Winner of the Akutagawa Prize, The Place of Shells is a hypnotic, poetic novel that explores the ebb and flow of memory—its physical manifestations, its sudden detours—and the overwhelming stranglehold of trauma.
An exquisite, mysterious novel of mourning on a planetary scale.
— Booklist
Here we find a form of language that attempts to venture, dancing, into a past enveloped in silence after the disappearance of those who were absent.
— Yoko Tawada
A work of great delicacy and seriousness. Ishizawa anchors the temporal and the ghostly with a transfixing pragmatism, and the result is a shifting, tessellated kaleidoscope of memory, architecture, history and grief.
— Jessica Au
The characters in Mai Ishizawa’s The Place of Shells have all, it seems, come to understand that there is no ‘regular’ course of the world, that calamity and disaster are part of its recurrent processes, that we must constantly mourn and repair and make sense of that which lacks sense.

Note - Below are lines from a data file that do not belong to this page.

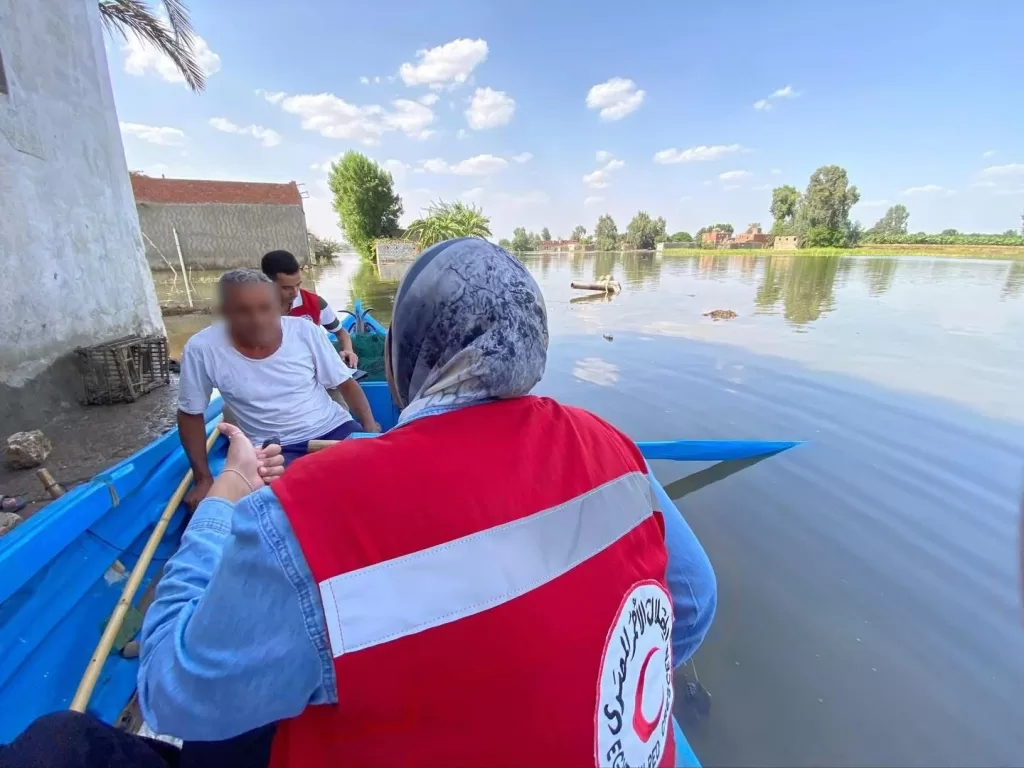 الهلال الأحمر يُطلق قافلة إغاثية لمتضررى فيضان النيل بالمنوفية 19 - جريدة المساء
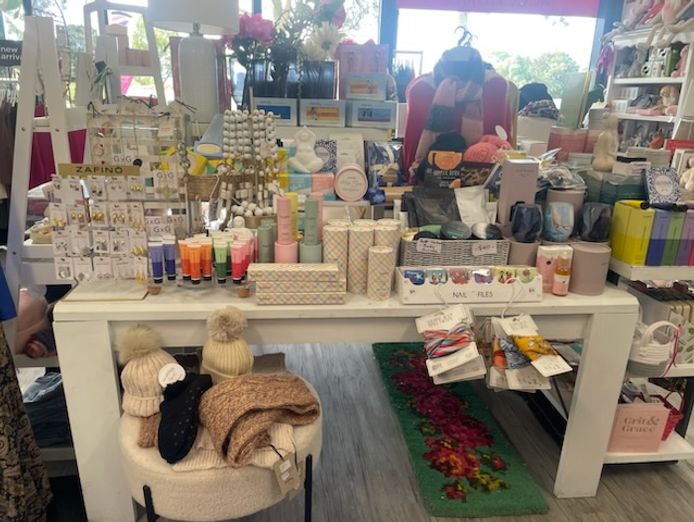 under-offer-established-lifestyle-fashion-boutique-nor-perth-0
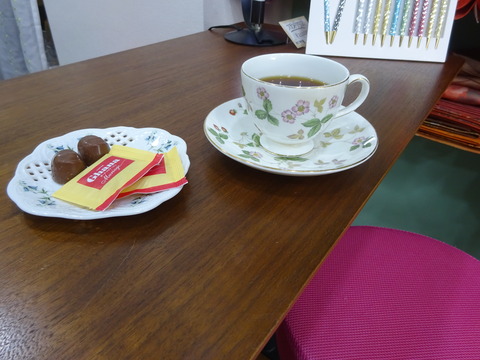 雑貨の店もえぎカウンター席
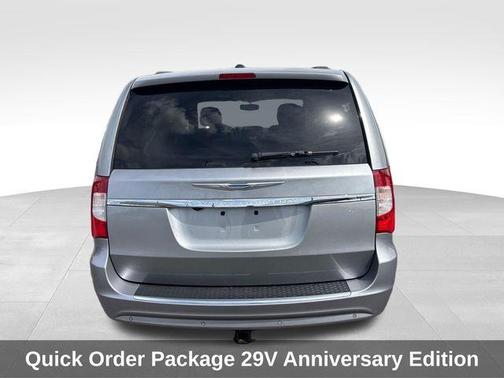 Billet Silver Metallic Clearcoat 2016 Chrysler Town & Country Touring-L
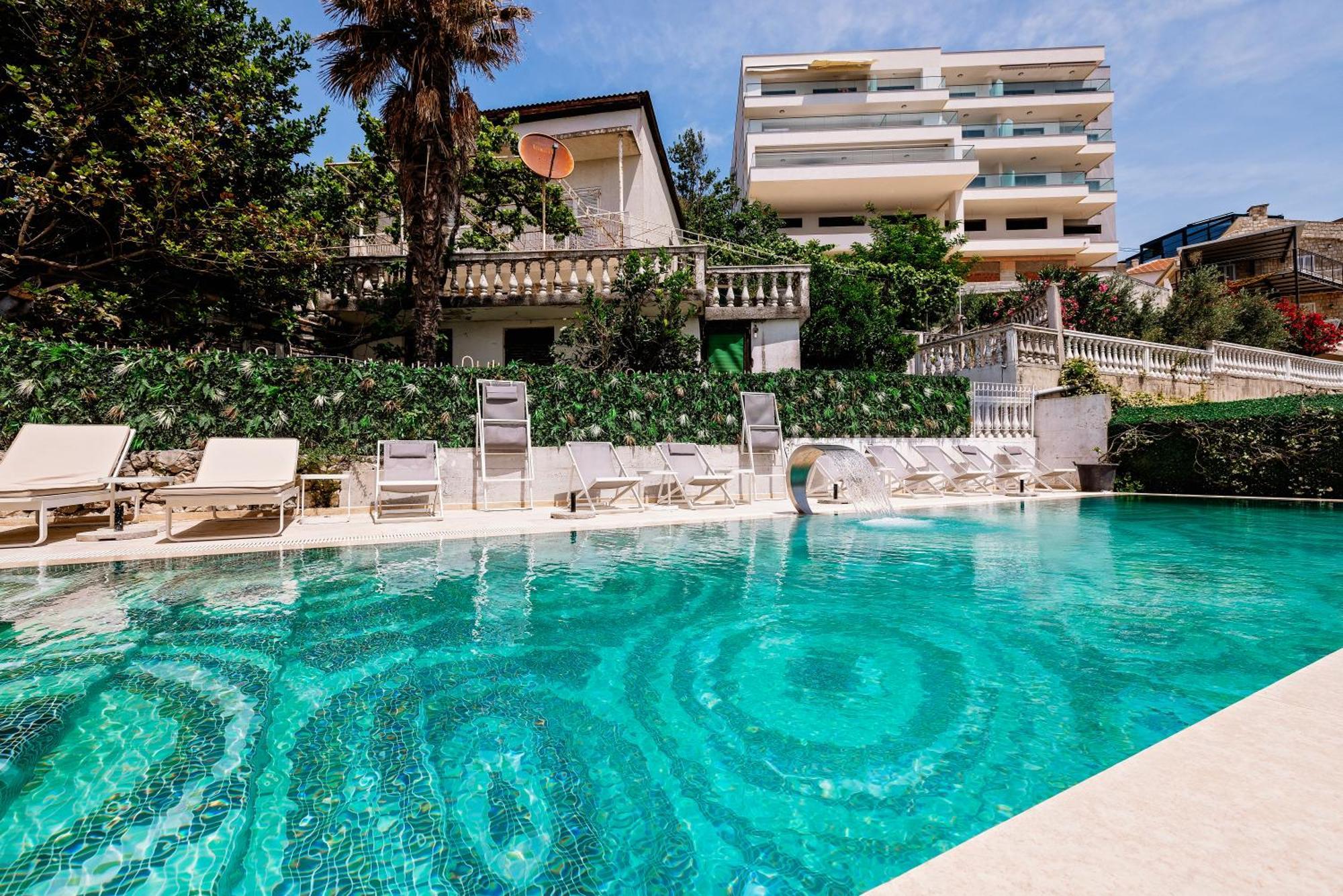 Hotel Maris Улцинь Экстерьер фото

— Dante Silva, The Brooklyn Rail
Missing persons and dogs, the dead and the living, are all on an even footing, interacting with equality. The multilayered intertwining of their memories saw me several times losing my perspective and growing dizzy, and the next thing I knew, I had been dragged into even deeper territory than I was expecting. This attempt to imprint upon humanity the experiences of the 2011 Tohoku earthquake and tsunami in a way that only a novel can achieve deserves to be highly esteemed.
— Yoko Ogawa
The Place of Shells is a meditation on art, death, and belonging. It reads like an eerie, shimmering fever dream where the boundaries between past and present, reality and fantasy, life and death often shatter. A strange and beautiful memento mori of a novel
— Jenny Mustard, author of Okay Days
The Place of Shells inhabits the crusted border between words and embodied experiences, particularly when registering mass trauma. Ishizawa—whose personal biography greatly mirrors the narrator’s—traverses the boundary between public and private memory, enduring and letting go.
— Anabelle Johnston, Los Angeles Review of Books
Wrought in Polly Barton’s rhythmic prose, Ishizawa’s narrative features a procession of revenants, saints, and an olfactorily gifted truffle dog that put me in mind of Alice Rohrwacher’s La Chimera. What the sensitive canine sniffs out, in the diaphanous irreality opened up by the text, are lost objects that accrete within themselves histories of trauma.
— Alex Tan, Asymptote
This book, translated from the Japanese with great elegance by Polly Barton, suggests a way into re-enchantment with the world… its central appeal lies in the author’s extraordinary ability to convey impressions and sensations with great precision and beauty.
— Patricio Pron, Berlin Review
Ishizawa’s poetic prose embraces art along with both Japanese and German culture, and her novel becomes a hypnotic dissection of memory, trauma and belonging that many will relate to. Though face masks make a regular appearance, the narrative comes across as timeless, perhaps because the story seems suspended in a timeline of its own.